After Surgery

Below you will find the next steps to take for keeping your pet healthy after surgery.

  • Limit Activity

    Some animals are active after surgery, while others remain quiet for awhile. Just like people, recovery can be different for each animal. Either way, it’s very important that you limit your pet’s movement during the 7-10 day period. Strenuous activity like running, jumping, or excessive playing could disrupt the healing process.

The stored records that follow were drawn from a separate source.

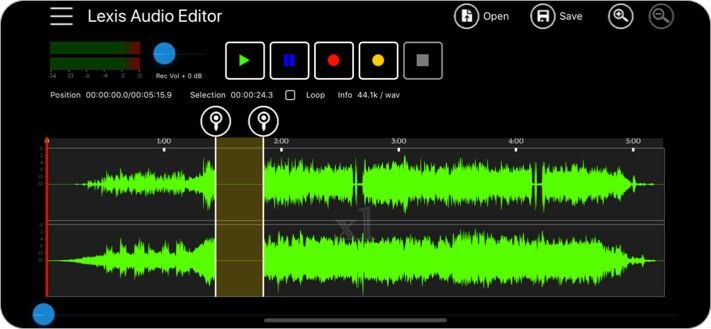Lexis Audio Editor iPhone og iPad App Skjermbilde
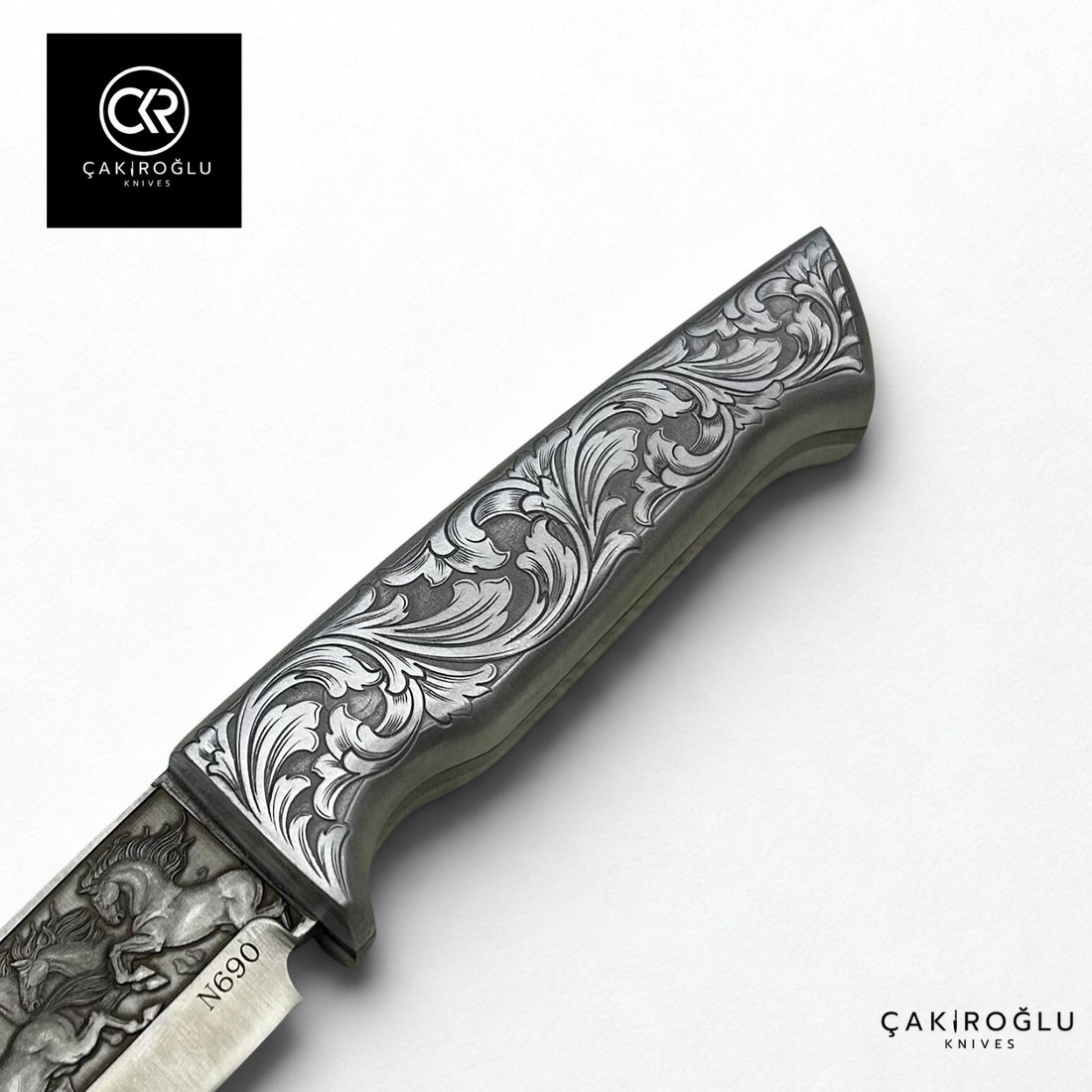 Custom-made Handcrafted 3d Engraved Collection Knife - Engraved Handle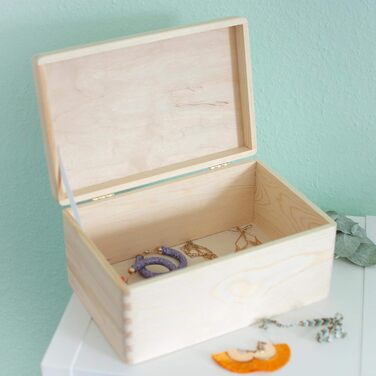 Wooden box with lid - 40x30x24cm, Natural, FSC® - Multi-purpose box without handles - Storage box | Memory box | Craft & Gift box (30 x 20 x 14 cm | M)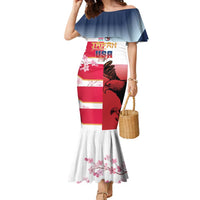 USA and Japan Rugby Custom Family Matching Mermaid Dress and Hawaiian Shirt Eagles Brave Blossoms Together Pacific - Polynesian Pride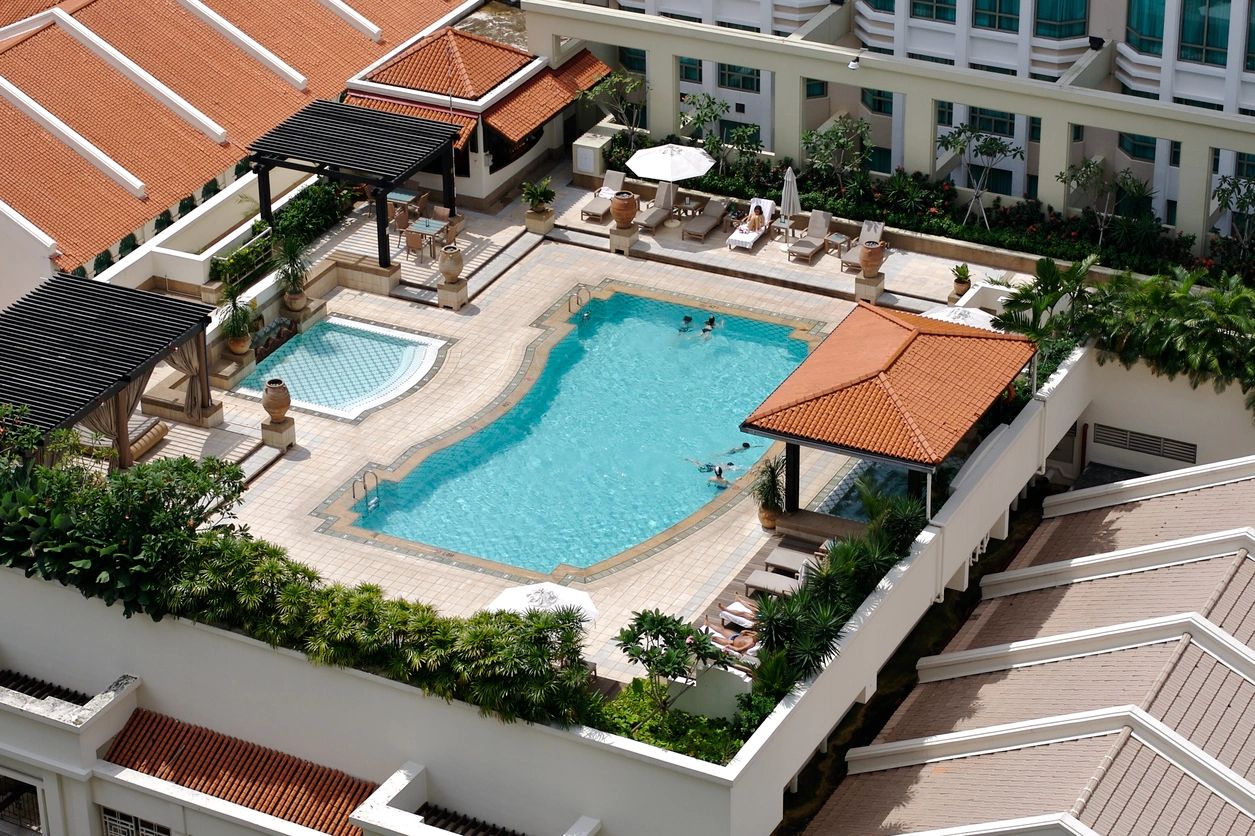 far view of a big pool in a resort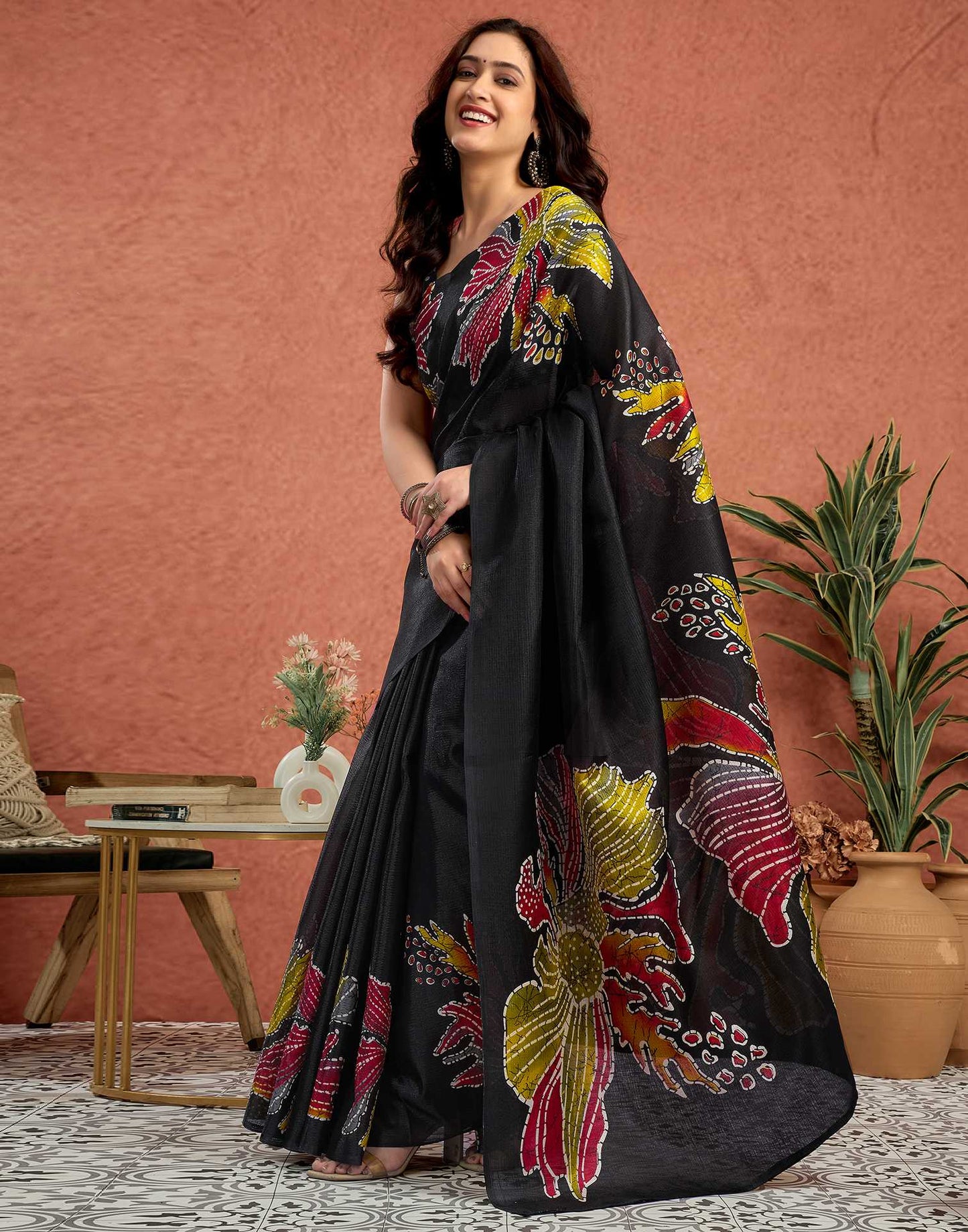 Black Vichitra Silk Printed Saree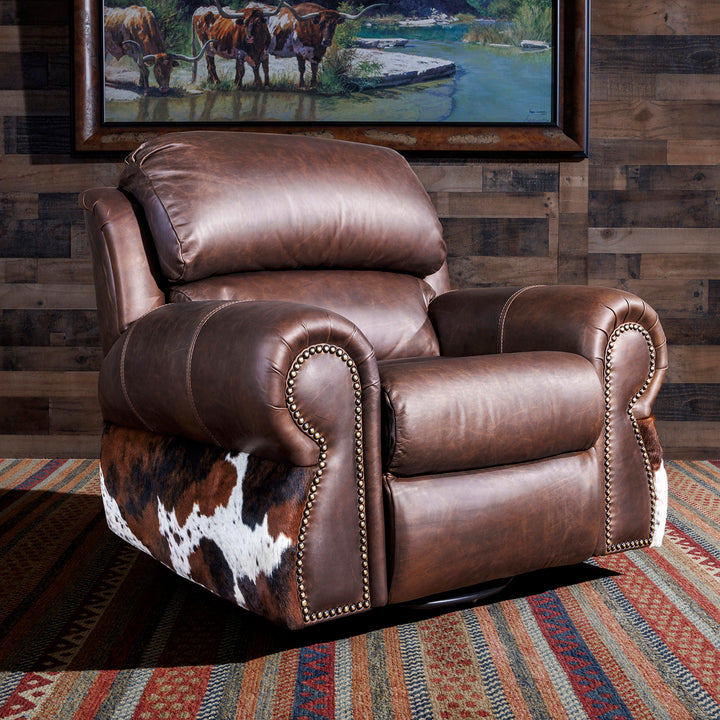 Oversized Western Leather and Cowhide Recliner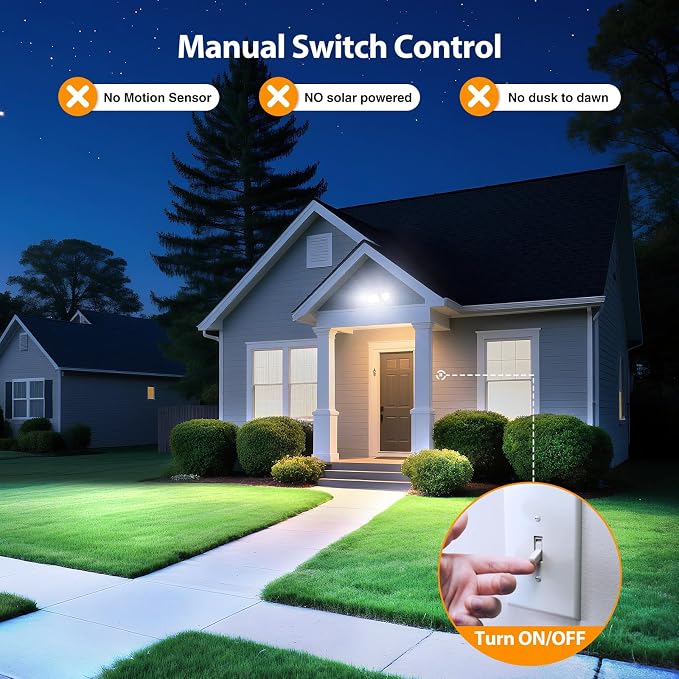 Onforu 75W Flood Lights Outdoor, 7000LM Brightness Security Lights Switch Controlled, 3 Adjustable Heads, IP65 Waterproof, 6500K Wall Mount Exterior LED Flood Light
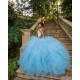 Ruffled 15 Anos Sky Blue Quince Dress Sleeveless Women 2024 Ball Gown Lace Appliques V Neck Girl Birthday Gowns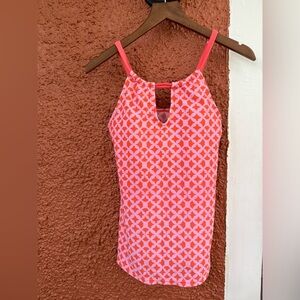 Dearlove Tummy Control Swimsuit High Neck Tankini Halter Pink Geometric Sz Small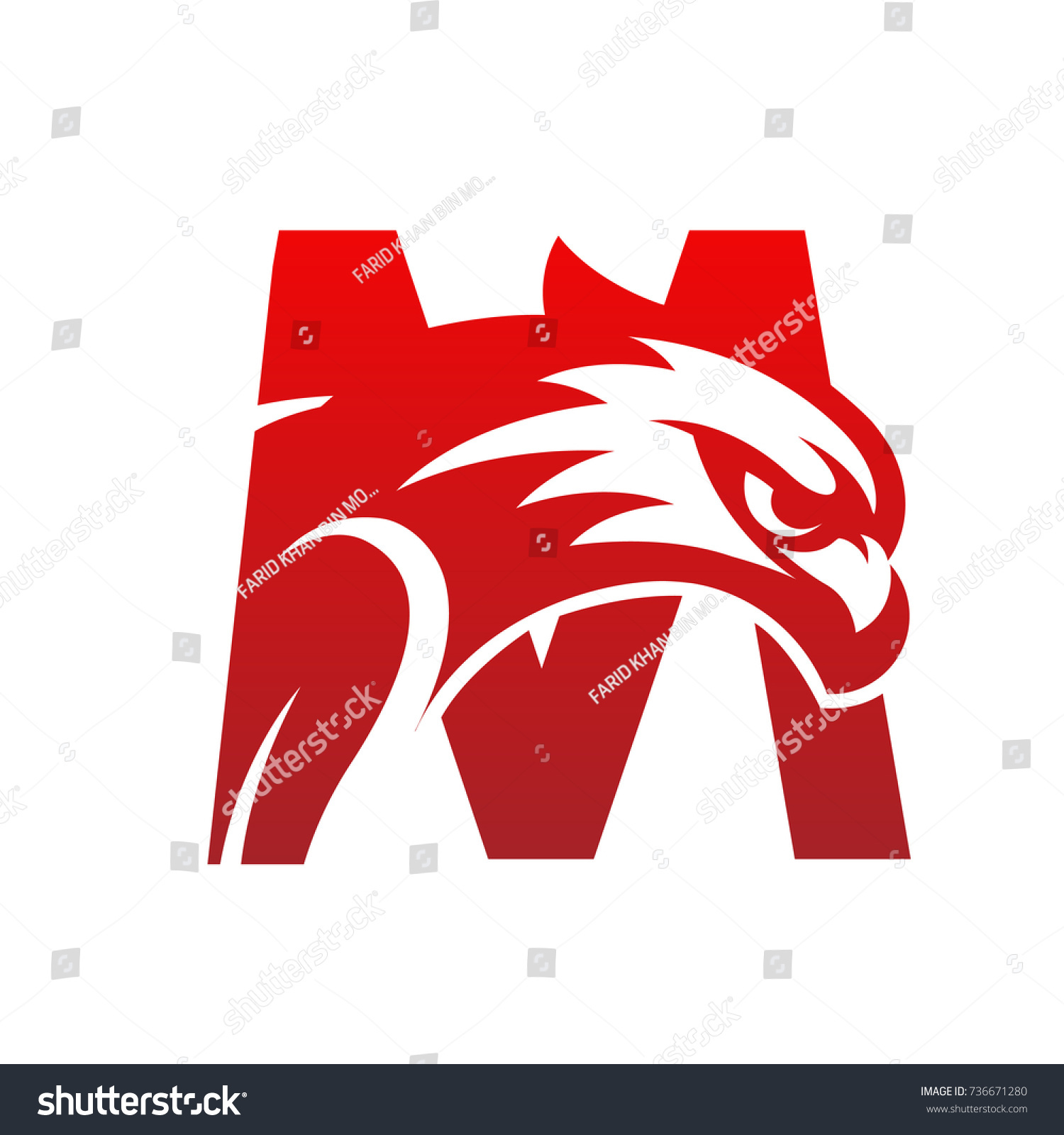 Red Hawk Face Initial M Vector Stock Vector Royalty Free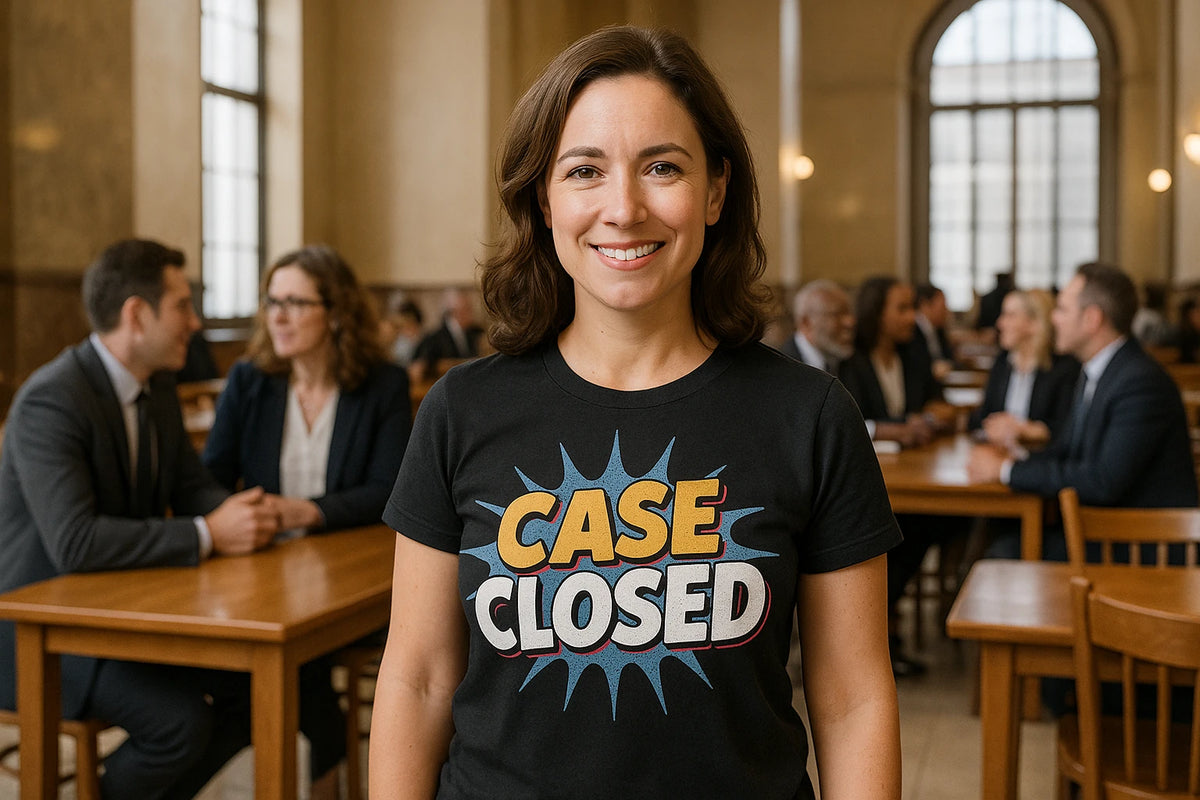 Lifestyle shot of the "Case Closed" black lawyer t shirt in a real-world setting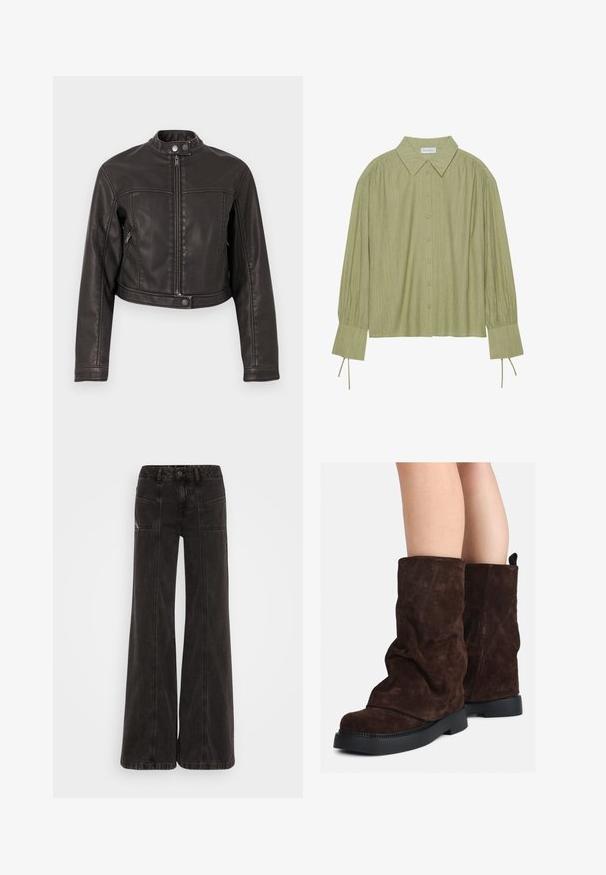 Svart cropped skinnjakke med oppreist krage, frontlås og sidelommer med glidelås, med en jevn tekstur og minimal søm.; Lysegrønn langermet skjorte med knappelukking foran, krage, teksturert stoff og knytedetaljer ved mansjettene. Rett skjæring.; Svart bredbeinede jeans laget av denim, med høy midje, frontlommer og ton-i-ton sømmer langs sømmene.; Brune suedestøvler til midt på leggen med sorte gummisåler, båret på nakne legger, som viser lett rynking på støvelskaftene.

  • Maintain a Regular Diet

    Your pet had a small snack the night after surgery, and their appetite should return gradually within 24 hours. Do not change your pet’s diet or brand of food at this time, and don’t give them junk food, tables craps, milk, or any people food for seven days. Changes in their diet could hide post-surgery complications. Although patients’ reactions can vary, some symptoms that are not normal include: lethargy (lasting for more than 24 hours after surgery), diarrhea, and vomiting. If you see any of these, contact us immediately. We can then assess if you pet needs to be examined by a medical professional.

  • Keep the Incision Dry

    Dogs & female cats have internal sutures that provide strength to the tissue as they heal. These will dissolve on their own after approximately four months; you do not need to bring them back for removal of stitches or sutures. Surgical glue has also been applied to the skin to seal the incision against bacterial penetration. Male cats do not have any sutures.

    Do not bathe your pet for 10 days, or apply any kind of topical ointment to the incision site. This could cause the surgical glue to dissolve too quickly if it becomes wet. Pets must be kept indoors where they can stay clean, dry, and warm. Dogs can be leash-walked only to go potty outside.

  • Check the Incision Twice Daily

    Females have a mid-line incision in their abdomen. Male dogs have an incision just above the scrotum, and male cats have two incisions, one on each side of the scrotum. Check these incision sites at least twice daily. What you see when we send your pet home is what you should consider normal. There should be no drainage, with minimal redness or swelling. Male cats may appear as if they still have testicles. This is normal, and the swelling should subside gradually through the recovery period.

    Do not allow your pet to lick or chew at the incision. If this occurs, we recommend you purchase Bitter Apple or Bitter Orange spray to deter licking and chewing. When applying, place your figure over the incision and spray around the area – do not spray directly onto the incision. It will sting! If this does not deter them from licking, we will recommend that you purchase an Elizabethan collar (E-collar, also known as a “cone”) to prevent them from being able to reach the area.

  • Monitor Pain Levels

    Our veterinarians employ a multi-modal pain management protocol. This means that different pain medications are administered before, during, and after surgery. If your pet appears to be in pain after going home, please contact our clinic at (812) 426-2563 extension 217 so that our staff can assess whether your pet needs to be examined.

  • Keep In-Heat Females Away from Males

    If your female dog or cat was in heat at the time of surgery, you must keep her away from unneutered males for at least two weeks. While she is now unable to become pregnant, she will still attract intact males for a period of time. If a male dog attempts to breed with a female at this point, it can cause her serious, possibly life-threatening damage.

  • Look Out for Complications

    Spaying and neutering are both very safe surgeries. However, as with any surgery, complications can occur. Minimal redness and swelling should resolve within several days, but if they persist longer, please contact us. You should also contact us immediately if you notice any of the following:

    • Pale gums
    • Depression
    • Vomiting
    • Diarrhea
    • Discharge or bleeding from the incision
    • Difficulty urinating
    • Labored breathing

    The Vanderburgh Humane Society will treat, at minimal cost, any post-operative complications resulting directly from the surgery if the post-operative instructions have been followed in full. Your regular veterinarian must address illnesses or injuries that are not a direct result of surgery. Please call for an appointment as soon as you see cause for concern. It’s better safe than sorry; if you’re unsure, please still call! We cannot be held responsible for complications resulting from failure to follow post-operative instructions, or from contagious diseases against which the animal was not previously properly vaccinated.

  • Disclaimer

    The Vanderburgh Humane Society Davidson Rausch Low-Cost Spay & Neuter Clinic adheres to the standards for the Spay/Neuter Medical Care Guidelines developed in 2008, and updated in 2016, by the Association of Shelter Veterinarians’ Veterinary Task Force to Advance Spay/Neuter.

    Our Clinic is the proud 24th member of the National Spay/Neuter Response Team (NSNRT).